The next day we ended our ride near Puerto Rio Tranquilo, which is known for boat tours of the Marble Caves. We stopped along the road next to a dirt driveway that went down to the lake where you can rent kayaks and there is free camping. As we started down the steep grade, we quickly learned that we had to walk our bikes and began questioning whether the trip down the super-steep grade would be worth the trip back up the next morning.
The answer to that question was yes, the “caves” were awesome! It also helped that we found a nice couple from Colorado that agreed to take our bags up the driveway in their truck the next morning. Although we arrived at the boat dock around dinner time – which you don’t want to delay after a long day of cycling – we rented a canoe, threw in a bunch of cheese and crackers, the waterproof camera, and set out on the 15 minute paddle to the attraction.
From the advertising campaign, we were expecting a huge swath of marble caves. In reality, it was the base of about 3 and a half small islands. Although smaller than expected, they still provided plenty of entertainment as we maneuvered the canoe through rock tunnels and examined the unique golf-ball-like texture of the marble. It was fun to explore with the autonomy of our canoe. The boatloads of tourists also provided plenty of entertainment: like the girls who jumped in the freezing water to get their picture taken between two rock arches, or the guy who climbed the 25 foot cliff to jump from the top!
For several nights we were lucky to find wild campsites along different rivers. Water is plentiful, and the combination of the sound of the river running and the beautiful setting made for great campsites.
Yesterday, after winding along up and then down another mountain, we finally hit our first stretch of pavement! That is right, part of the Carretera Austral is paved. Actually, we’ll be hitting more paved sections going north, and a lot of roadwork. We’ve heard that in 5 years the whole route will be paved, which will certainly change the experience for future travelers.

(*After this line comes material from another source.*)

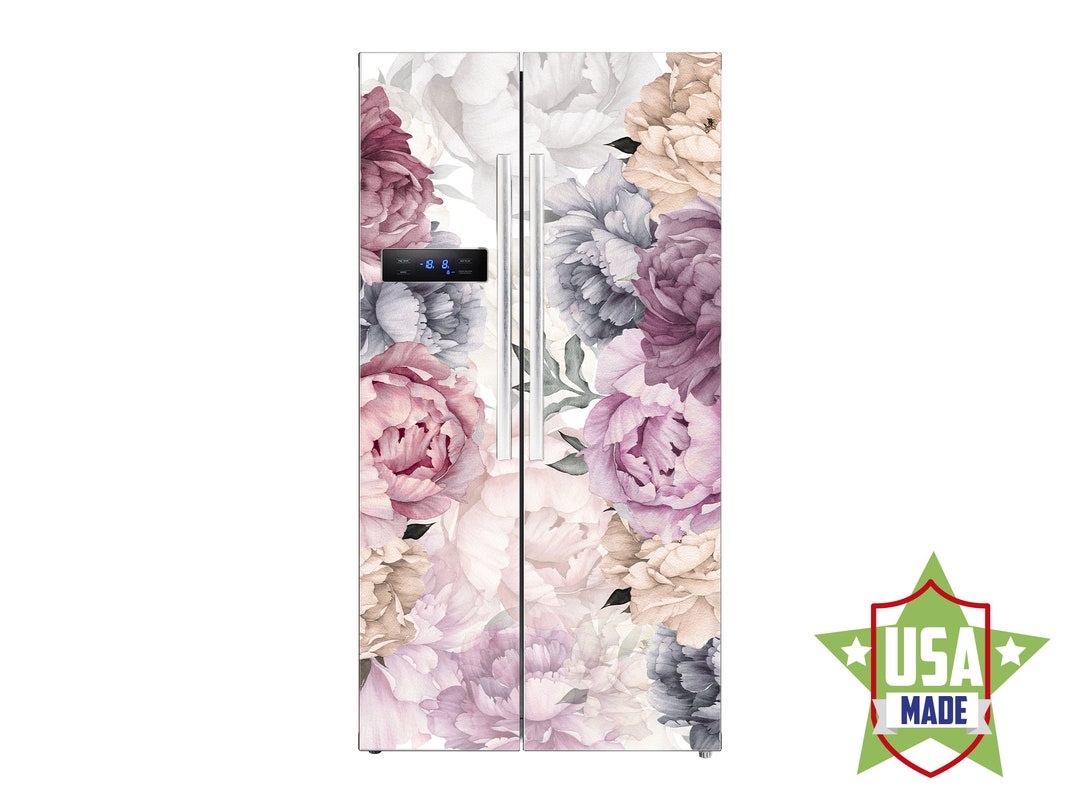 Pink and White Peonies Decal Fridge, Peony Flower Wall Fridge Stickers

In any case, we definitely enjoyed the break from the bumpy road surface. We completed the longest climb of the Carretera Austral – about 2500 feet. During the climb, the road winds up the side of a mountain to enter a high river valley. The climb was pleasant, and felt just as easy as going downhill on gravel. When we got to the downhill paved section, we thought we must have entered heaven.
Now we’re in a campground that is actually just someone’s yard that lives in the town of Coyhaique. A few hours ago we were excited to do our shopping at the huge Unimarc grocery store – where just the aisle of cookies was larger than any single supermarket we’ve been in for over two weeks. We’re looking forward to rest day tomorrow before we continue our ride northward.